Joseph Allen, 55, was found dead in his room at the Terra Linda Resort in Sosúa on Thursday, CNN reported.
In a statement to HuffPost, a State Department spokesperson confirmed that a second death had occurred this month, after 53-year-old Leyla Cox of New York was found unresponsive in her hotel room last week.
“We can confirm the death of a U.S. citizen in June 2019 in the Dominican Republic,” the spokesperson said. “We offer our sincerest condolences to the family for their loss. Out of respect for the family during this difficult time, we do not have additional information to provide.”
Allen’s sister, Jaimie Reed, told local ABC affiliate KABC-TV that his friends said he was at the hotel pool on Wednesday when he complained about feeling hot and went to his room to shower. That night, his condition hadn’t improved, and he said he was going to bed. When one of his friends knocked on his door the next morning, Allen didn’t respond.
The friend then requested a hotel wellness check, and Allen was found dead.
Reed recalled her brother was in overall good health with no significant medical problems.

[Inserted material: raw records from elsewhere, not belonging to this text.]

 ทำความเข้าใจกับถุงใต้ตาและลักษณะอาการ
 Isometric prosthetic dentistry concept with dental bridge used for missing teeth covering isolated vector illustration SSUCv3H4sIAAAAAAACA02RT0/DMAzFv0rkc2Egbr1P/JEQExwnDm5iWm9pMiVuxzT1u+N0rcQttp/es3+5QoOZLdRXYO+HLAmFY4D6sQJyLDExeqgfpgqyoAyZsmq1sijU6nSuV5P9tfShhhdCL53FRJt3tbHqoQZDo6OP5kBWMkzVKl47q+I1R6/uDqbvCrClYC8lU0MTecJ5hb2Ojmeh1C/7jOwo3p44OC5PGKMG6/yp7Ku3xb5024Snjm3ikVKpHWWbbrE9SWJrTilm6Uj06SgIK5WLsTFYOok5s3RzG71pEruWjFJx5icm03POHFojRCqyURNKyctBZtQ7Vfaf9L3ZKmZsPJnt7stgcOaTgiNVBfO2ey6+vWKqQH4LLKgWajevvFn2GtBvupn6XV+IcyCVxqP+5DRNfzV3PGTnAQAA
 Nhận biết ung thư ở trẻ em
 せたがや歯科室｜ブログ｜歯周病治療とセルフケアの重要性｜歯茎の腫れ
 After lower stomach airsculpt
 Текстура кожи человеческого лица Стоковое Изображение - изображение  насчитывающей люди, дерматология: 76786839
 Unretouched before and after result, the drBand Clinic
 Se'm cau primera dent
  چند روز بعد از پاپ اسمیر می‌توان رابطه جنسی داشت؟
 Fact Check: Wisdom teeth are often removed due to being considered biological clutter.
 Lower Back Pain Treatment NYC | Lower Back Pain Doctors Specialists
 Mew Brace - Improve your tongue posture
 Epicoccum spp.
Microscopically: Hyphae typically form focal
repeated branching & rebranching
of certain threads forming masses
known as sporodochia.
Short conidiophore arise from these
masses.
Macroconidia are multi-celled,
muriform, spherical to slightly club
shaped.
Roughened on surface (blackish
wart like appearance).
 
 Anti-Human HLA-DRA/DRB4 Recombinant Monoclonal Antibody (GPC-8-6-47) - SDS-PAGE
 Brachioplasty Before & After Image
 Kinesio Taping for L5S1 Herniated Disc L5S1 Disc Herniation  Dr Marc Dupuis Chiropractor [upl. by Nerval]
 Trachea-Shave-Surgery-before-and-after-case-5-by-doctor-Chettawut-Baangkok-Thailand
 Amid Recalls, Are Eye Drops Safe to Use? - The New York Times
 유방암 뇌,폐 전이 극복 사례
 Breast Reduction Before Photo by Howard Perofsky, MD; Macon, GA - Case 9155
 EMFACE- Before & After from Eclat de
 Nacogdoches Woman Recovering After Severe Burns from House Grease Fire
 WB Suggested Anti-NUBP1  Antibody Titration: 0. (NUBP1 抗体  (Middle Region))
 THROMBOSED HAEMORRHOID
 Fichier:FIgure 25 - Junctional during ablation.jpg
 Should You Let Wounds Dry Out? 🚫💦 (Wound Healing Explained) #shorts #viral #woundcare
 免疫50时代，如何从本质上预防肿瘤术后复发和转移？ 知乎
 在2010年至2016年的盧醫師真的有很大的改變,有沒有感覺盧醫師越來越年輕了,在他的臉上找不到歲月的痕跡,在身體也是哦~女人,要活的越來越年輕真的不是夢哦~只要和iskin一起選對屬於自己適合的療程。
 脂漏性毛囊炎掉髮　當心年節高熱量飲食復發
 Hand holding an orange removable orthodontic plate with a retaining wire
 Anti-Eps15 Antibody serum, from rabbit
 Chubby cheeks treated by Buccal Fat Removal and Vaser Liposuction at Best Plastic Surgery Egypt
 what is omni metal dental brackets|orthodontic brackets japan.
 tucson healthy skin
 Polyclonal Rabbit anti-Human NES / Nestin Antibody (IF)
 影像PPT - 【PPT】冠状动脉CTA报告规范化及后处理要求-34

Allen’s death comes just days after Cox, who traveled to the island earlier this month to ring in her birthday, and was discovered dead on June 10 in her hotel room, the Staten Island Advance reported.
Her son, William Cox, told the outlet that U.S. Embassy officials informed him that she died of a heart attack, but he remains skeptical of the circumstances, considering the string of deaths in the Caribbean nation.
Since June 2018, at least seven other Americans have died in the Dominican Republic. However, one of them ― Jonathan Corcoran, the brother of “Shark Tank” host Barbara Corcoran ― is believed to have died of natural causes.
In a statement released last week, the TV star said her brother “had an existing heart condition.”
Other deaths have not been as easily explained, several occurring at Bahía Príncipe’s resorts and the Hard Rock Hotel and Casino in Punta Cana. Multiple deaths were reported to have happened after tourists consumed drinks from their hotel room minibars.
On June 11, the U.S. Embassy in Santo Domingo said it “is actively working with the Government of the Dominican Republic and the private sector at the highest levels to ensure that U.S. citizens are safe and feel safe while in the Dominican Republic,” adding that it has requested the FBI’s help.